Seven Little Mice Go to the Beach (ねずみのかいすいよく, Nezumi no Kaisuiyoku) is a children's picture book written by Haruo Yamashita (山下 明生, Yamashita Haruo) and illustrated by Kazuo Iwamura, first published in Japan in 1987, by Child Honsha

There are three English editions. The first was published in 1987 by A&C Black as The Mouse Family Go to the Beach, with the English words by Peggy Blakeley (ISBN-13: 978-0713628005, ISBN-10: ‎ 0713628006). The second was published in 1987 by William Morrow and Co.: as Mice at the Beach (ISBN-10: 0688070647 and 0688070639). The third was published by NorthSouth Books as Seven Little Mice Go to the Beach in 2012.
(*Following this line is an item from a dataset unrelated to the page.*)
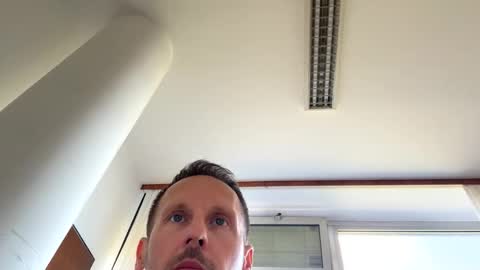 Mark online show from April 9, 10:53 am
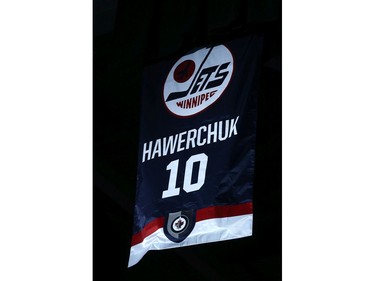 Winnipeg Jets great Dale Hawerchuk has his number enshrined into the Jets hockey hall of fame prior to puck drop against the Phoenix Coyotes in Winnipeg on Tues., Nov. 14, 2017. Kevin King/Winnipeg Sun/Postmedia Network
Kevin King, Kevin King/Winnipeg Sun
In the story, the parents take their seven children to the beach. The parents take measures to keep the children safe. The father goes on a rock and falls asleep. He finds, after he awakens, that he is trapped by a higher tide, and he is unable to swim. The mother creates a plan to use the children to rescue the father.

The book has a color scheme of pastels along with pen and ink and watercolor artwork. Reviewer Martha Simpson of the Stratford Library Association of Stratford, Connecticut, examining the 2012 English edition for School Library Journal, stated that the artwork does "not convey much action."

==Reception==
Freelance writer Sheila L. Weinstein reviewed the 1987 William Morrow edition in a syndicated article. She stated it is "A funny little book full of charm and sweetness."

Reviewer Barbara Hodge Hall of the Anniston Star stated that the 1987 William Morrow edition is "delightful" and "endearing".

Virginia Gleason, the librarian for children at the Springfield-Greene County Library Main Branch, described the 1987 William Morrow edition as "charming" in an article for the Springfield News-Leader.

Simpson praised the "delicate, quietly humorous", "cozy", and "meticulously detailed" artwork while she felt the ending "will leave readers underwhelmed". She stated that the child characters "have no personalities" and that the overall plotline "is not very interesting".